Work item - The records below are to be restated word for word, with every picture left out.

[Records supplied Boundary: Start]

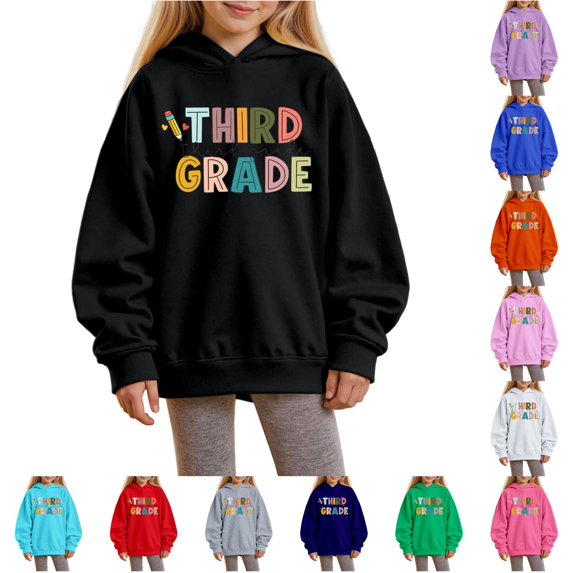 Trendfront Girls Third Grade Graphic Sweatshirts Long Sleeve Pullover Hoodie Colorful Letter Print School Theme Casual Classroom Outfit Tops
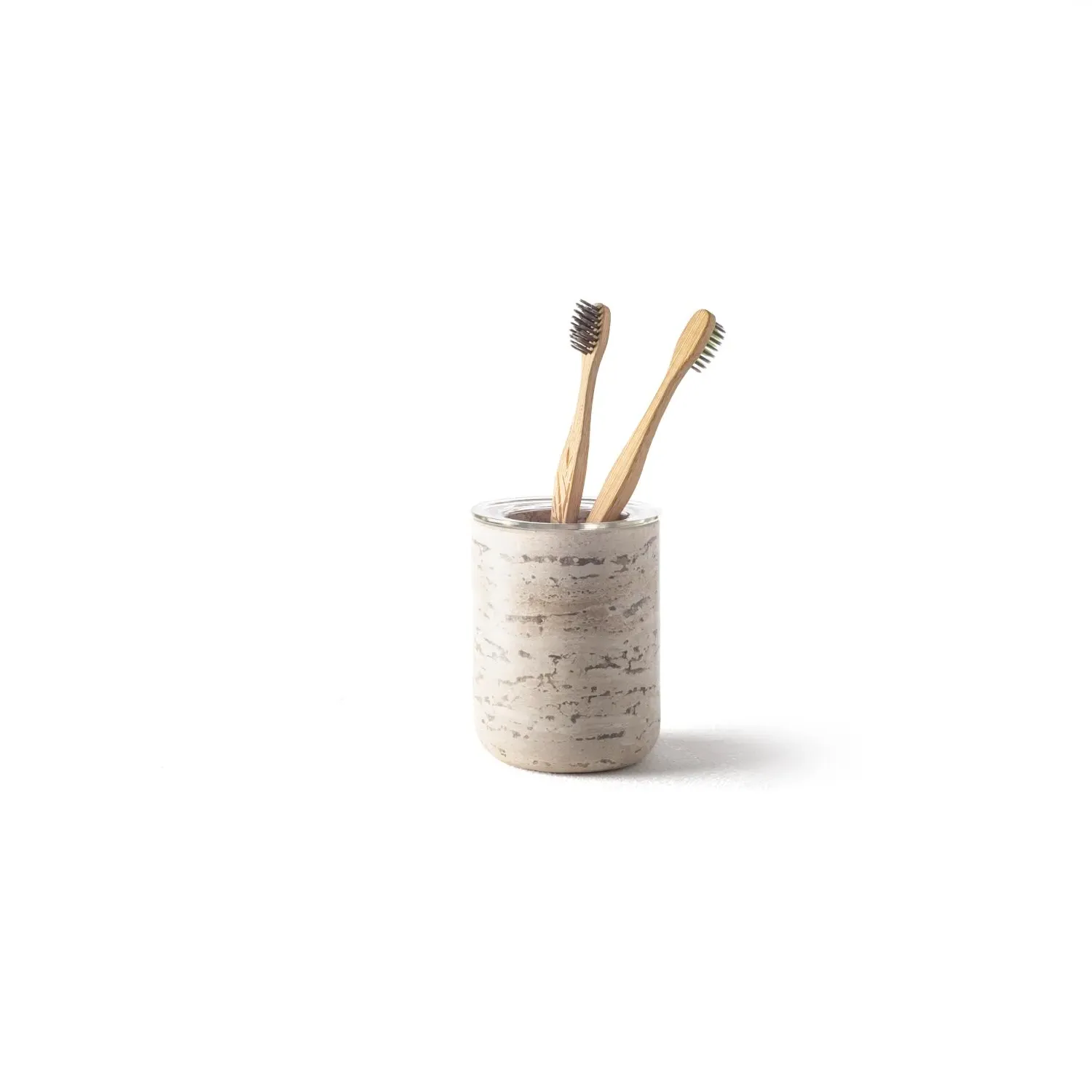 Less Is More Toothbrush Holder - Travertine Marble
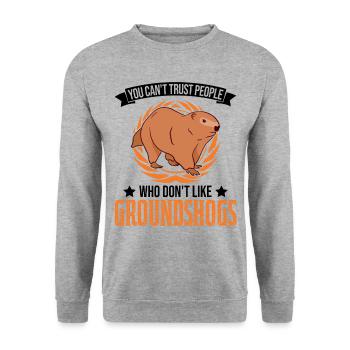 Murmeltier Geschenk Groundhog Day Woodchuck - Unisex Pullover - Weißgrau meliert - Vorne - Alina (178cm) & Michal (187cm)
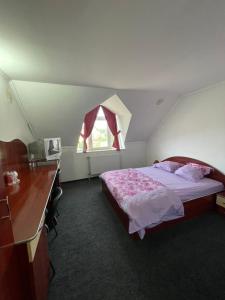 ein Schlafzimmer mit Bett, Schreibtisch und Fenster in der Unterkunft Pensiunea Lotus Baile 1 Mai in Baile Unu Mai
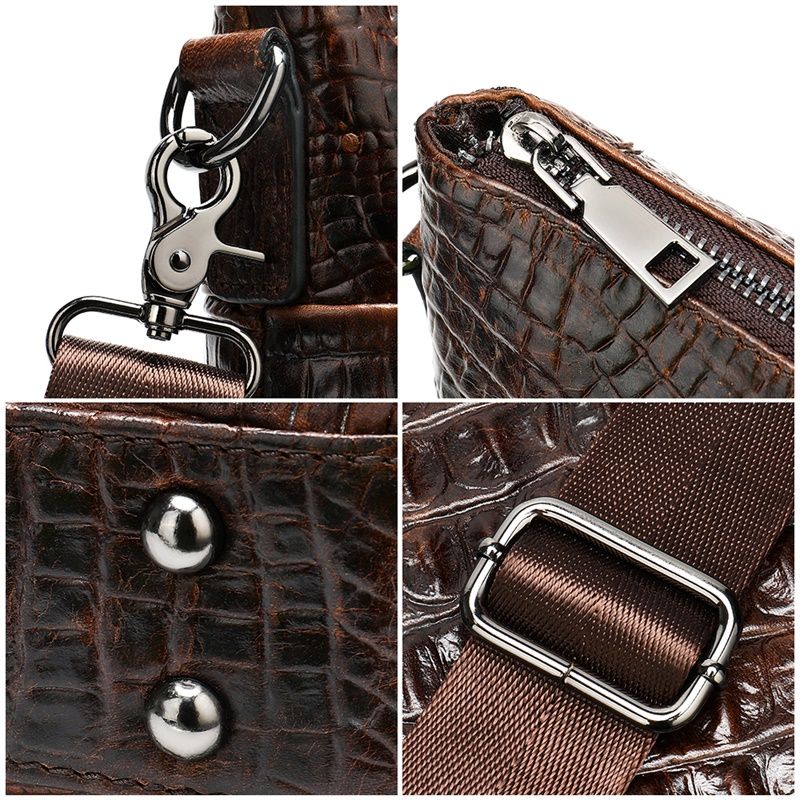 Crocodile-Texture Leather Briefcase – Waterproof Laptop Bag for Men
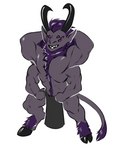 4_arms 4_pecs 6_eyes anthro chibi flexing grin holidays hooves horn male multi_arm multi_eye multi_limb multi_pecs muscular muscular_male pecs smile solo nightarm christmas corinoch krampus bovid caprine caprine_demon demon goat_demon mammal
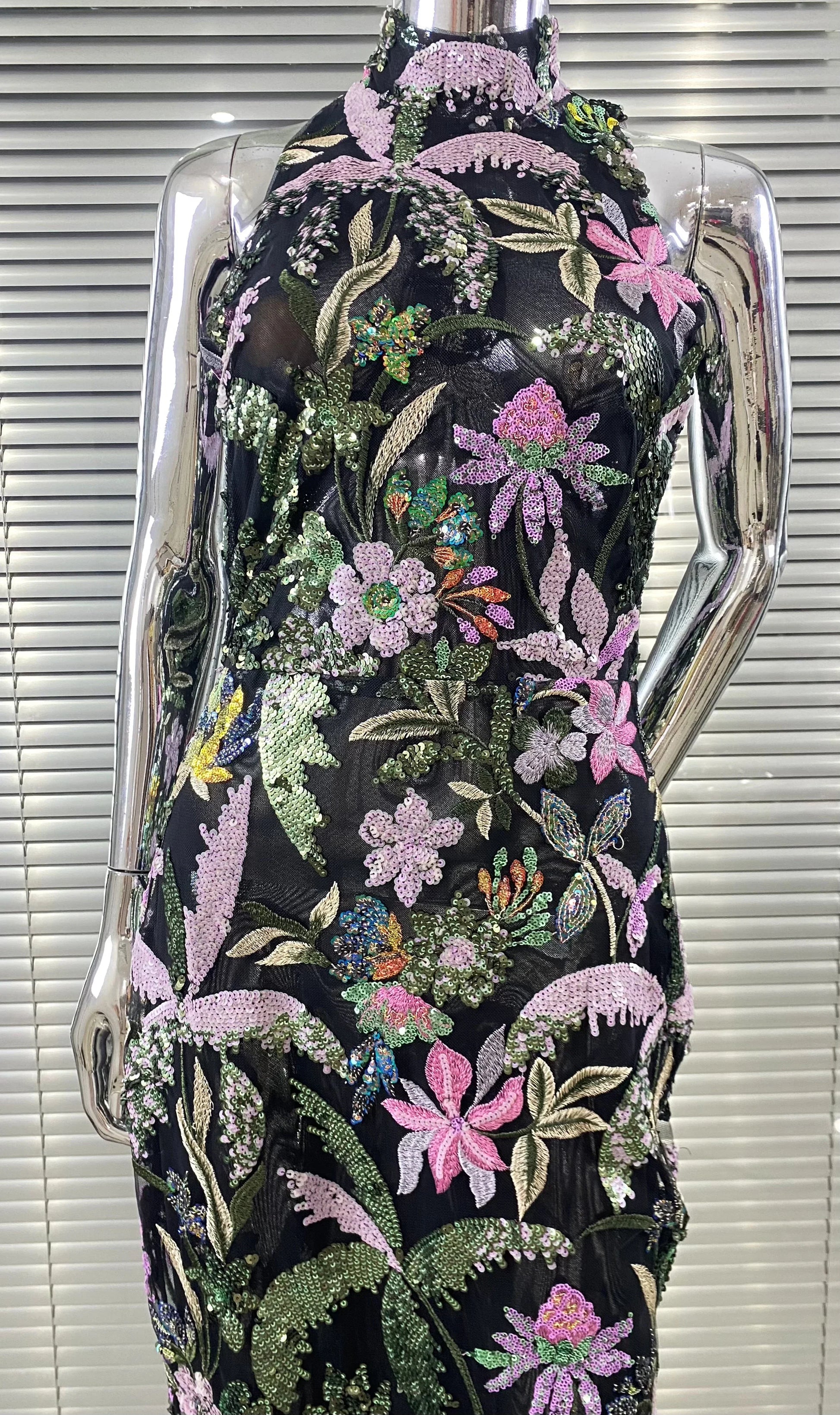 Sequin Flowers Embroidery O-Neck Sleeveless Sheath Ankle Length Dress Gracful Woman Evening Dress Celebrity Party Outfit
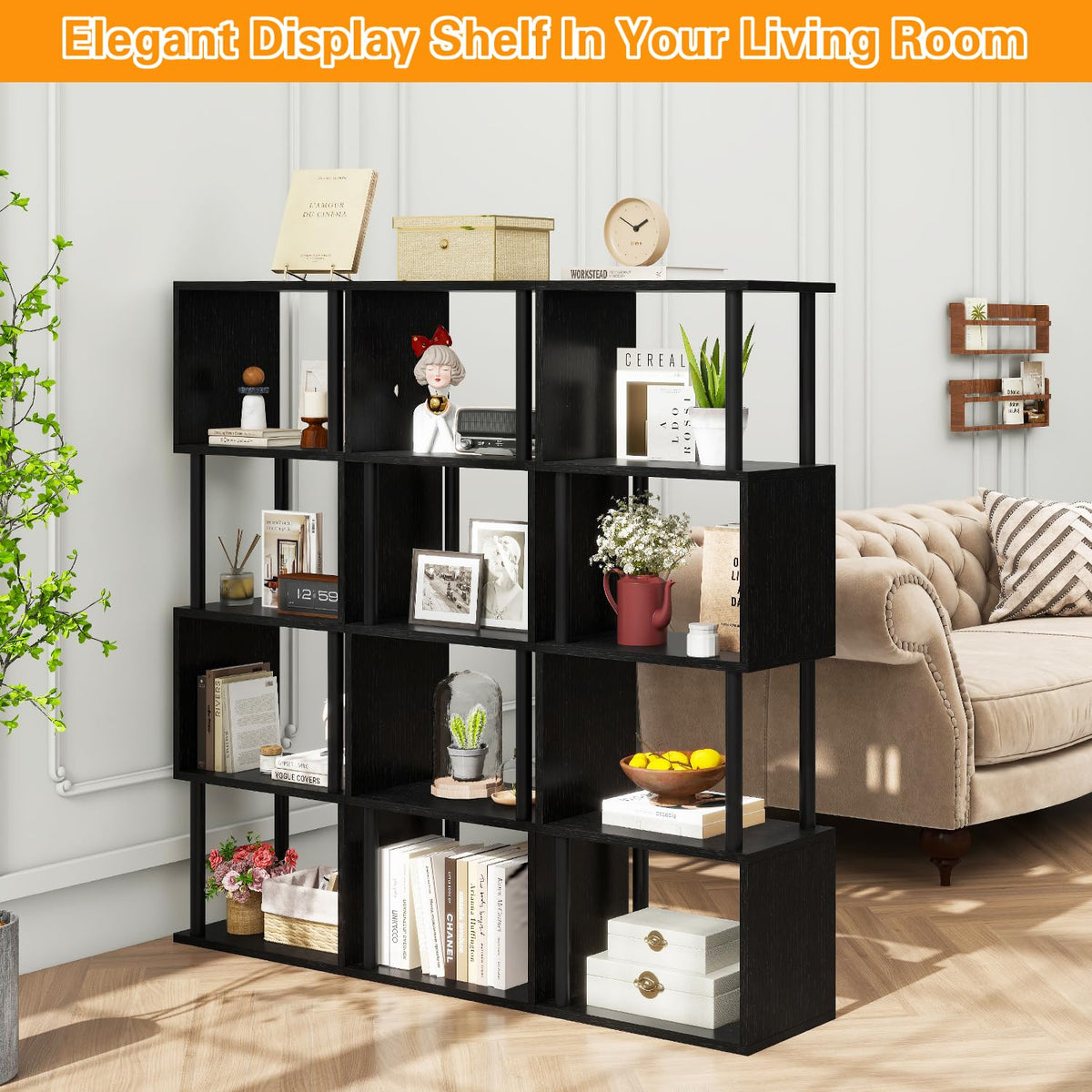 5-Tier Black Bookshelf A3916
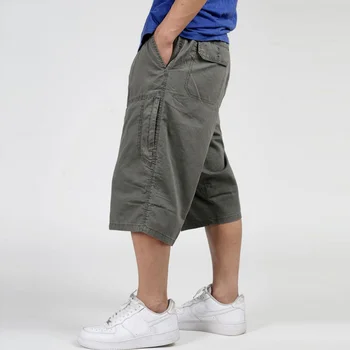 בסגנון צבאי 2022 קיץ גברים מכנסיים רחבים מטען כותנה עגל באורך 3/4 מכנסיים מזדמנים מכנסיים רופפים זכר גדול בתוספת גודל XL-6X
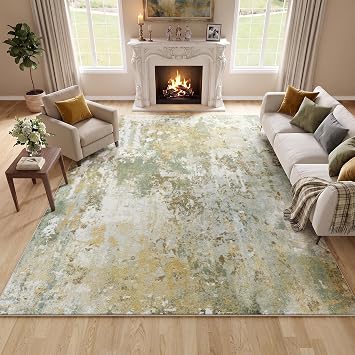 Green Washable Rug 5x7 Area Rugs for Living Room Bedroom Carpet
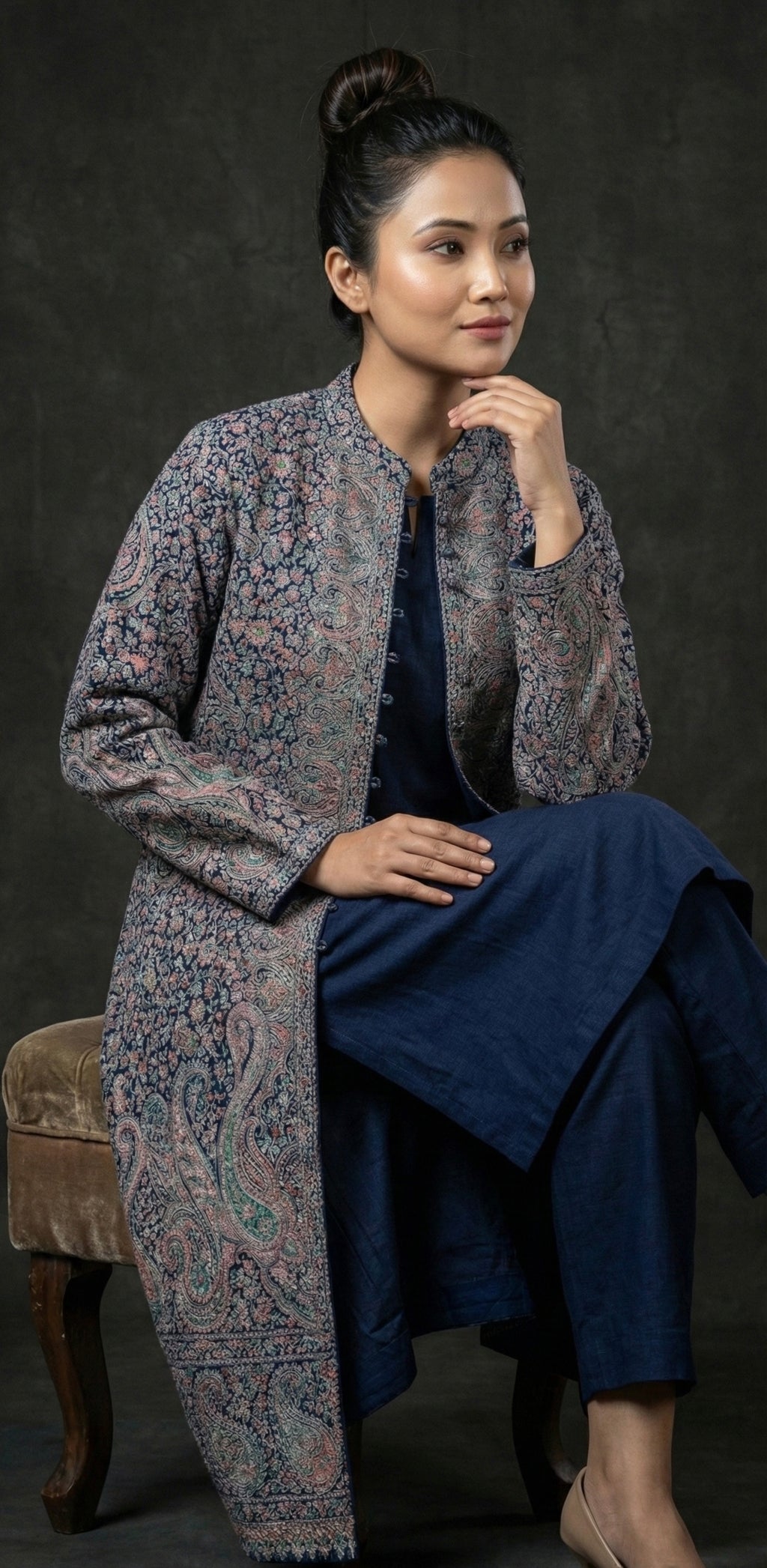 Aureen – Premium Woollen Kani 3 piece Set (Blue Shade)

[Records supplied Boundary: End]

Task result -
 Trendfront Girls Third Grade Graphic Sweatshirts Long Sleeve Pullover Hoodie Colorful Letter Print School Theme Casual Classroom Outfit Tops
 Less Is More Toothbrush Holder - Travertine Marble
 Murmeltier Geschenk Groundhog Day Woodchuck - Unisex Pullover - Weißgrau meliert - Vorne - Alina (178cm) & Michal (187cm)
 ein Schlafzimmer mit Bett, Schreibtisch und Fenster in der Unterkunft Pensiunea Lotus Baile 1 Mai in Baile Unu Mai
 Crocodile-Texture Leather Briefcase – Waterproof Laptop Bag for Men
 4_arms 4_pecs 6_eyes anthro chibi flexing grin holidays hooves horn male multi_arm multi_eye multi_limb multi_pecs muscular muscular_male pecs smile solo nightarm christmas corinoch krampus bovid caprine caprine_demon demon goat_demon mammal
 Sequin Flowers Embroidery O-Neck Sleeveless Sheath Ankle Length Dress Gracful Woman Evening Dress Celebrity Party Outfit
 5-Tier Black Bookshelf A3916
 בסגנון צבאי 2022 קיץ גברים מכנסיים רחבים מטען כותנה עגל באורך 3/4 מכנסיים מזדמנים מכנסיים רופפים זכר גדול בתוספת גודל XL-6X
 Green Washable Rug 5x7 Area Rugs for Living Room Bedroom Carpet
 Aureen – Premium Woollen Kani 3 piece Set (Blue Shade)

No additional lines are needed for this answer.